Repeat exactly the lines that begin at the one containing "Postel nebo postele" and end at the final line of the records; include no pictures and nothing else.

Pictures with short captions
- - - -
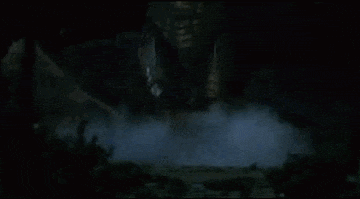 a giant monster is standing in the fog in the dark .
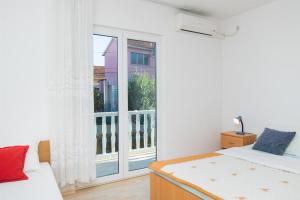 Postel nebo postele na pokoji v ubytování Apartment Mijo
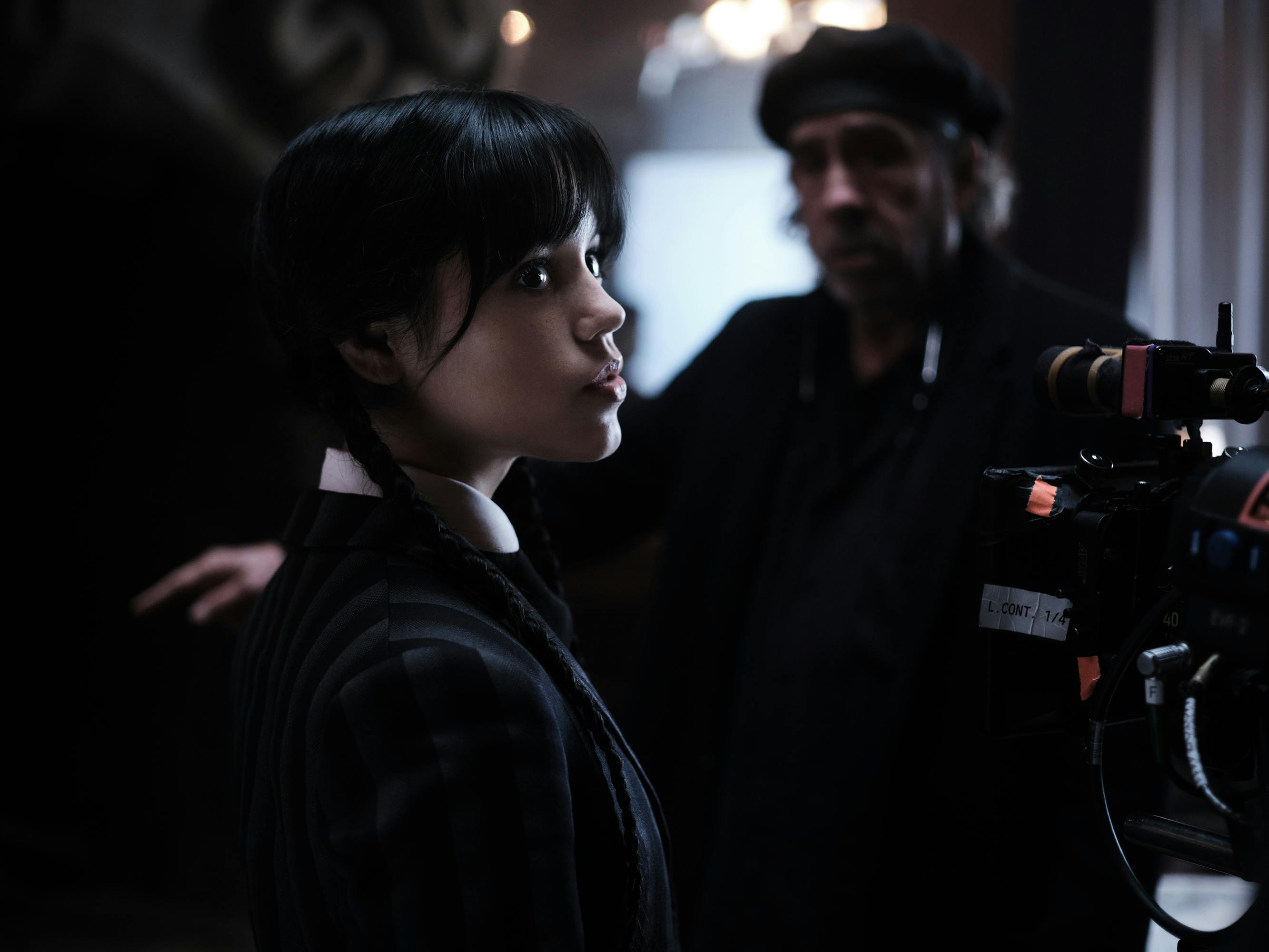 Jenna Ortega looks at something off-camera. Tim Burton is out-of-focus in the background. 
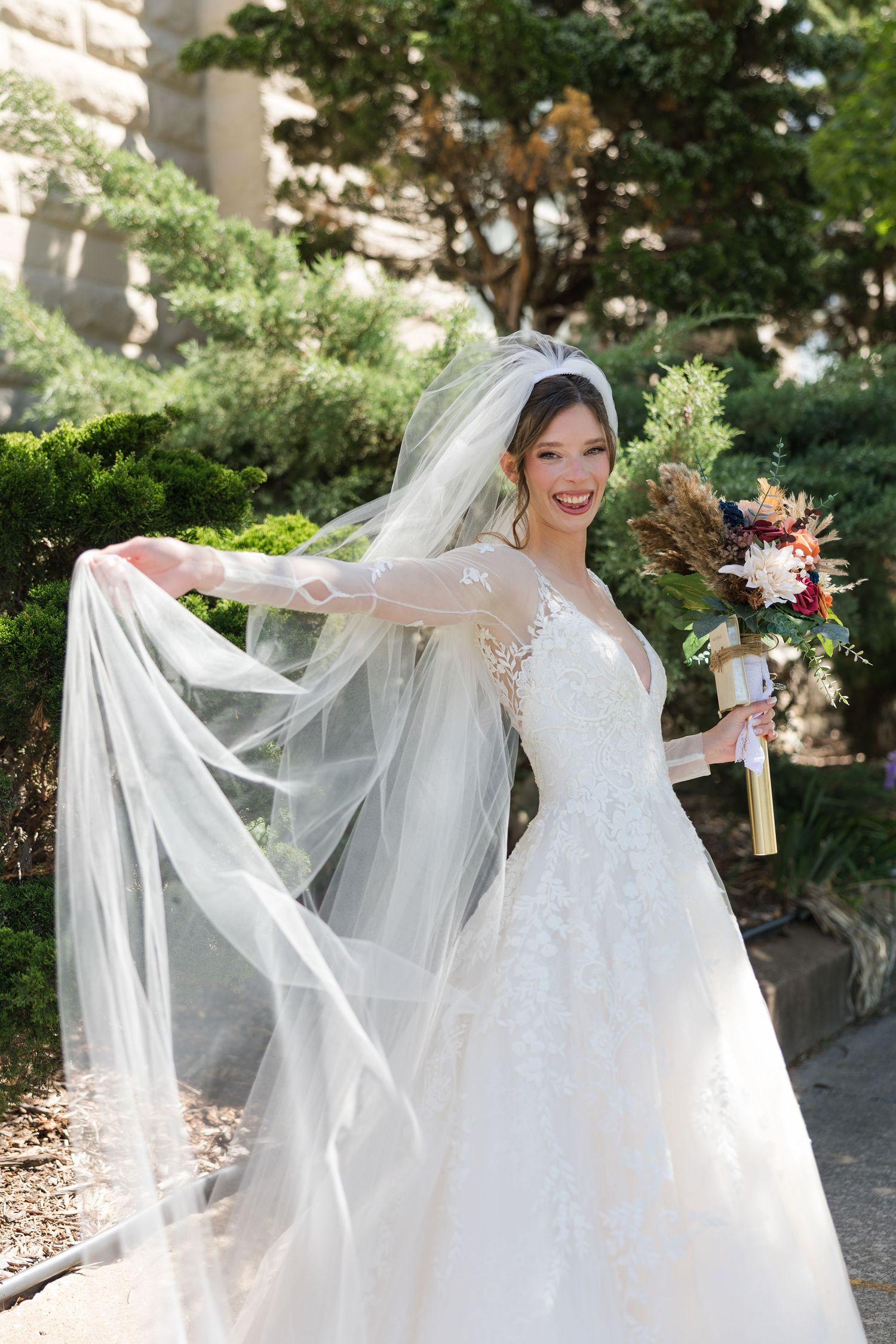 Smiling bride in a lace long-sleeve gown twirls her flowing veil while holding a bouquet outdoors.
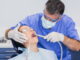 Ein Zahnarzt in Schutzkleidung untersucht die Zähne eines Patienten im Behandlungsstuhl.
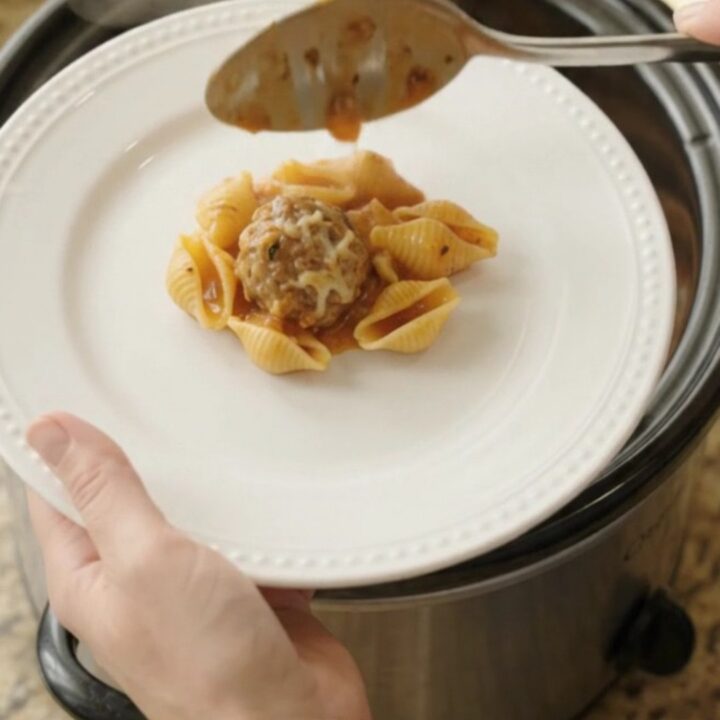 Crockpot Parmesan Meatball Red Pepper Shells with melted cheese and pasta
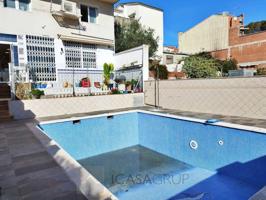 Casa adosada con piscina en Can Rosas Rubí photo 0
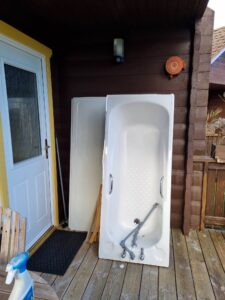 old bath in bathroom conversion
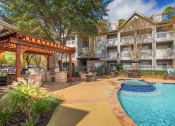 Thumbnail 10 of 18 - Lodge at Cypresswood Apartments - Spa with nearby BBQ grills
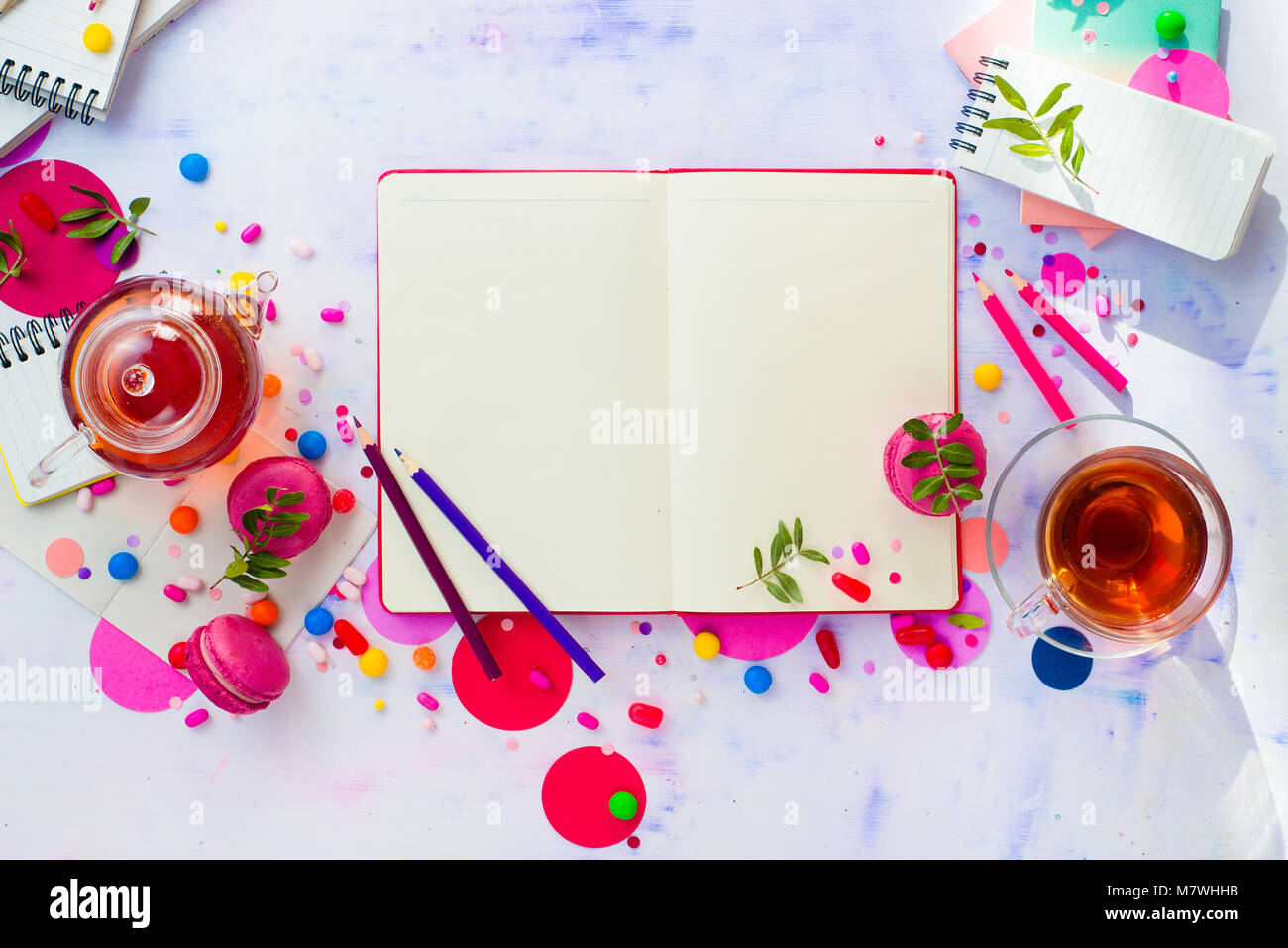 Weibliche Schriftsteller Arbeitsplatz mit einem offenen Notepad oder Tagebuch. Bunten süßen Snacks, Hard Candy, und Rosa macarons auf einem hellen Hintergrund mit Kopieren s Stockfoto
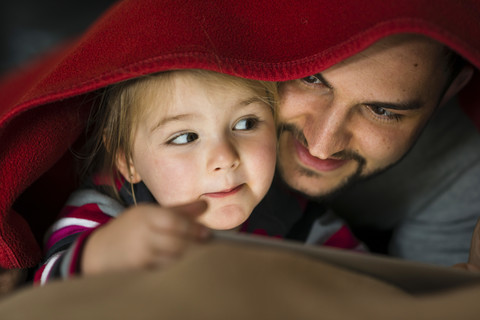 Vater und Tochter mit digitalem Tablet unter der Bettdecke, lizenzfreies Stockfoto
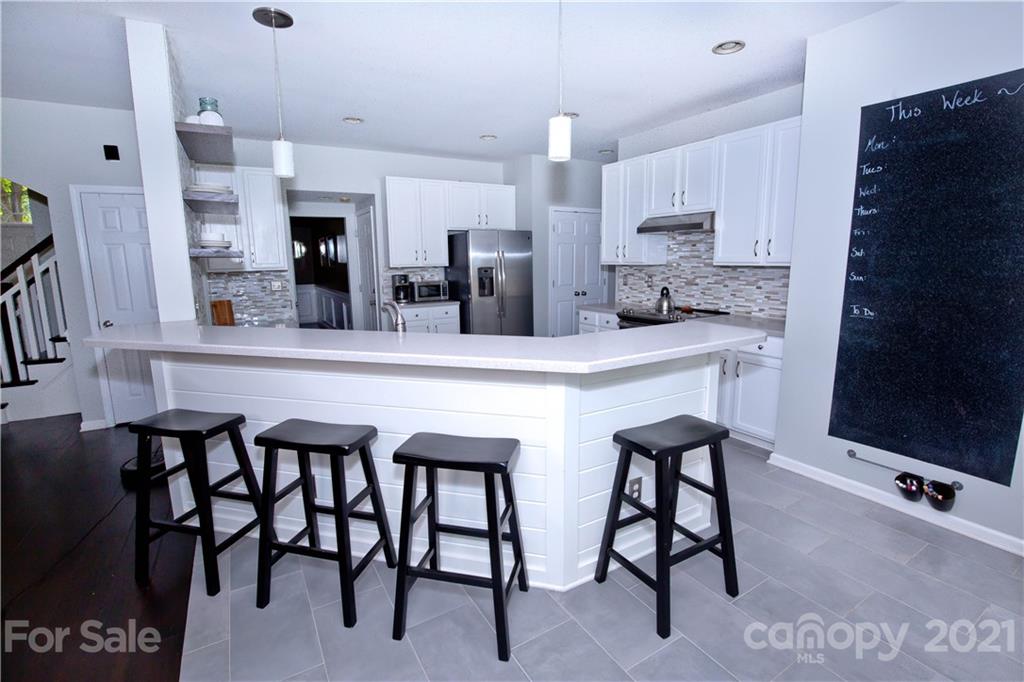 20200 Tailwind Lane Cornelius, NC 28031 - Photo 11 of 28 a kitchen with stainless steel appliances kitchen island granite countertop a table chairs sink and cabinets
- - - -
--- EXERCISE OUTPUT ---
 Postel nebo postele na pokoji v ubytování Apartment Mijo
 Jenna Ortega looks at something off-camera. Tim Burton is out-of-focus in the background. 
 Smiling bride in a lace long-sleeve gown twirls her flowing veil while holding a bouquet outdoors.
 Ein Zahnarzt in Schutzkleidung untersucht die Zähne eines Patienten im Behandlungsstuhl.
 Crockpot Parmesan Meatball Red Pepper Shells with melted cheese and pasta
 Casa adosada con piscina en Can Rosas Rubí photo 0
 old bath in bathroom conversion
 Thumbnail 10 of 18 - Lodge at Cypresswood Apartments - Spa with nearby BBQ grills
 Weibliche Schriftsteller Arbeitsplatz mit einem offenen Notepad oder Tagebuch. Bunten süßen Snacks, Hard Candy, und Rosa macarons auf einem hellen Hintergrund mit Kopieren s Stockfoto
 Vater und Tochter mit digitalem Tablet unter der Bettdecke, lizenzfreies Stockfoto
 20200 Tailwind Lane Cornelius, NC 28031 - Photo 11 of 28 a kitchen with stainless steel appliances kitchen island granite countertop a table chairs sink and cabinets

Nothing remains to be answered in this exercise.